Identität in Deepfake Stimmen fast zum Täuschen ähnlich
Die Forschenden testeten zunächst mit psychoakustischen Methoden, wie gut die menschliche Identität in den imitierten Stimmklonen erhalten bleibt. Die Forschenden nahmen die Stimmen vier männlicher Sprecher auf und generierten mit Hilfe von Computeralgorithmen Deepfake-Stimmen dieser Sprecher. Im Hauptexperiment hörten 25 Probandinnen und Probanden mehrere Stimmen und sollten entscheiden, ob die Identität zweier Stimmen identisch war oder nicht. Dabei gab es zwei Aufgaben: Entweder sollten sie die Identität von zwei natürlichen Stimmen oder einer natürlichen und einer Deepfake-Stimme abgleichen.
Dabei zeigte sich, dass die Deepfake-Identitäten in zwei Dritteln der Fälle korrekt zugeordnet wurden. «Dies verdeutlicht, dass aktuelle Deepfake-Stimmen zwar nicht perfekt die Identität imitieren, aber das Potential haben, die Wahrnehmung von Menschen zu täuschen», sagt Claudia Roswandowitz, Post-Doc am Institut für Computerlinguistik.
Belohnungssystem reagiert auf natürliche Stimmen, aber nicht auf Deepfakes
Mit Hilfe von bildgebenden Verfahren untersuchten die Forschenden dann, welche Gehirnareale abweichend auf Deepfake-Stimmen im Vergleich zu natürlichen Stimmen reagieren. Dabei machten sie zwei zentrale Areale ausfindig, die den Fake erkennen: Zum einen reagiert ein Teil des mesolimbischen Systems, der Nucleus Accumbens, anders auf Deepfake-Stimmen. «Der Nucleus Accumbens ist ein wichtiger Bestandteil des Belohnungssystems im Gehirn. Er war weniger aktiv, als die Probandinnen und Probanden die Identität zwischen Deepfake und natürlichen Stimmen abgleichen sollten», erklärt Claudia Roswandowitz. Viel aktiver war hingegen der Nucleus Accumbens, wenn die Probandinnen und Probanden zwei natürliche Stimmen vergleichen mussten.

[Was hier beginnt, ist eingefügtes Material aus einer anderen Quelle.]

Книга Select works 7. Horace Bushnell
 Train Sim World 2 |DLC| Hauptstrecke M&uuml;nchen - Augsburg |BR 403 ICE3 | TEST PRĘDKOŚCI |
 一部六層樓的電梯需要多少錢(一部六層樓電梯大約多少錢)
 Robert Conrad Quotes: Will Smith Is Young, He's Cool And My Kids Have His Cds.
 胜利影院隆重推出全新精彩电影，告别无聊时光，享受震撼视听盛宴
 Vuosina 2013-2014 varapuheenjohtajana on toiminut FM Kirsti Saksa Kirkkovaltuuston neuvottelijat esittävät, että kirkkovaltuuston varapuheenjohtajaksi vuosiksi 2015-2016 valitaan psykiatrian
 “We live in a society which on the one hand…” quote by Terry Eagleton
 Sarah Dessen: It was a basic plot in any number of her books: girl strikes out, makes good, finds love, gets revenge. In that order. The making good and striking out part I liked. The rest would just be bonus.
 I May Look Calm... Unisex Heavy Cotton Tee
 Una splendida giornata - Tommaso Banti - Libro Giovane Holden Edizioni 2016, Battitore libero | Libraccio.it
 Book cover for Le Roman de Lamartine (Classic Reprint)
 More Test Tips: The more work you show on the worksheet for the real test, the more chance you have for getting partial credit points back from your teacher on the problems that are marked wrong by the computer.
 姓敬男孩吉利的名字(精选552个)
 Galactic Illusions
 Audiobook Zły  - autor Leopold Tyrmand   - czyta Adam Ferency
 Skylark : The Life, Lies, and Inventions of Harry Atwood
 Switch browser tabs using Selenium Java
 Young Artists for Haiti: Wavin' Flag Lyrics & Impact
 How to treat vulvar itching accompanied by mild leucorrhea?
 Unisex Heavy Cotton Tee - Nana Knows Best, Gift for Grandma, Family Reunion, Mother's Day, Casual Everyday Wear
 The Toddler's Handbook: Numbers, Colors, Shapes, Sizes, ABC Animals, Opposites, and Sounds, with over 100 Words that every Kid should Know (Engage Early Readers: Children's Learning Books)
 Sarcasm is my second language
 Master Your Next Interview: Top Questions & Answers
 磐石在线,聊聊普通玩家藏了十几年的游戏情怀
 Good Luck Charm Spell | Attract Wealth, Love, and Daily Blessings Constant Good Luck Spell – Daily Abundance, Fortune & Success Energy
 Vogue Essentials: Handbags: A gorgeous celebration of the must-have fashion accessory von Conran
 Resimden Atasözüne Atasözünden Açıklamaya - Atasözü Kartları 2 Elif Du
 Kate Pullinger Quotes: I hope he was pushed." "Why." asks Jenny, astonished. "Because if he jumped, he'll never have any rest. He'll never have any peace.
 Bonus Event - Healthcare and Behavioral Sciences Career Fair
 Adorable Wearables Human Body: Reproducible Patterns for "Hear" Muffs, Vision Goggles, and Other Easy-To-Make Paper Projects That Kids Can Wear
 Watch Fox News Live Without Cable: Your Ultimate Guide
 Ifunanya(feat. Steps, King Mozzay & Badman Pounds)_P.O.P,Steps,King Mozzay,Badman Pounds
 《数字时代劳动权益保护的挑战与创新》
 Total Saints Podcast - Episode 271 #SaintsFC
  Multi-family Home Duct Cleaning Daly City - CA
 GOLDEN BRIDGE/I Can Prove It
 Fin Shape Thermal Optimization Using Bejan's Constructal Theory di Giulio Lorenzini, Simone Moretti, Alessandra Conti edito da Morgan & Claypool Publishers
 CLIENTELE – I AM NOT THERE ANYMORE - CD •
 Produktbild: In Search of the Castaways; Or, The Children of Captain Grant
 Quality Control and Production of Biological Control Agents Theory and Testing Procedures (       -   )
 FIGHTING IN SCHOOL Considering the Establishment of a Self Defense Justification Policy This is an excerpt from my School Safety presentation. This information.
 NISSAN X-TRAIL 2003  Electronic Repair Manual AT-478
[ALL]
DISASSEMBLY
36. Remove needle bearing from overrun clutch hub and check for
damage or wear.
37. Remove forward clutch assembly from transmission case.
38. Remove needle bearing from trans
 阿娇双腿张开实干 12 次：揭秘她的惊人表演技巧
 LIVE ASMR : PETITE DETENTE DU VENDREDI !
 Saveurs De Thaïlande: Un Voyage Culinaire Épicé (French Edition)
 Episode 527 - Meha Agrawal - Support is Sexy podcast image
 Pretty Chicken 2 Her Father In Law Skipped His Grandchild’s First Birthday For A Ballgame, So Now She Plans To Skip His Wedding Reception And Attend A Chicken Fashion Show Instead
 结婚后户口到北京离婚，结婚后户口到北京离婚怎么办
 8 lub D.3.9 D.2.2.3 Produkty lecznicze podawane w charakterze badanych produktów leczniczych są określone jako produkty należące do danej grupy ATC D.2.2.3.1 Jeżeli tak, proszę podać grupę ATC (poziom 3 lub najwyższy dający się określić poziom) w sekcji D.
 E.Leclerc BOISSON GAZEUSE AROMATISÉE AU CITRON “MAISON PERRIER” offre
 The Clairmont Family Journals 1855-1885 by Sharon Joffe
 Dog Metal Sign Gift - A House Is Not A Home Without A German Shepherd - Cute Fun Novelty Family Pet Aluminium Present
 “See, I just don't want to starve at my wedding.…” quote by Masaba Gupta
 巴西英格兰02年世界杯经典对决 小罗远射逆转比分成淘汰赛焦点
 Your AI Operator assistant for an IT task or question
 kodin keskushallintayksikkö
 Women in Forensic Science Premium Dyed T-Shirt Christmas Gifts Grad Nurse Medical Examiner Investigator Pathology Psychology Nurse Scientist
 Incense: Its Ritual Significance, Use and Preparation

Auditorischer Cortex unterscheidet die akustische Qualität in Deepfake und natürlichen Stimmen
Das zweite Hirnareal, dass in dem Experiment bei den Versuchsteilnehmenden aktiv war, scheint auf die akustische Differenz zwischen natürlicher und Deepfake-Stimme zu reagieren: Der auditorische Cortex, zuständig für die Analyse von Geräuschen, war aktiver, als es die Identität zwischen Deepfake und natürlicher Stimme abzugleichen galt. «Wir vermuten, dass dieses Areal auf die noch nicht perfekte akustische Imitation der «Deepfake»-Stimmen reagiert und versucht, das fehlende akustische Signal auszugleichen», sagt die Erstautorin. Je weniger natürlich und sympathisch die gefälschte Stimme im Vergleich zu ihrem natürlichen Gegenstück wahrgenommen wurde, desto grösser waren die Aktivitätsunterschiede im auditorischen Cortex.
Der Fake-Anteil in den Deepfake-Stimmen scheint zu weniger Vergnügen beim Hören zu führen, und das relativ unabhängig von der Qualität des akustischen Signals. «Der Mensch kann also nur teilweise durch Deepfakes getäuscht werden. Besonders die neuronalen Mechanismen, die bei der Verarbeitung von Deepfakes identifiziert wurden, verdeutlichen die menschliche Widerstandsfähigkeit gegenüber gefälschten Informationen, die uns im Alltag immer häufiger begegnen», folgert Roswandowitz.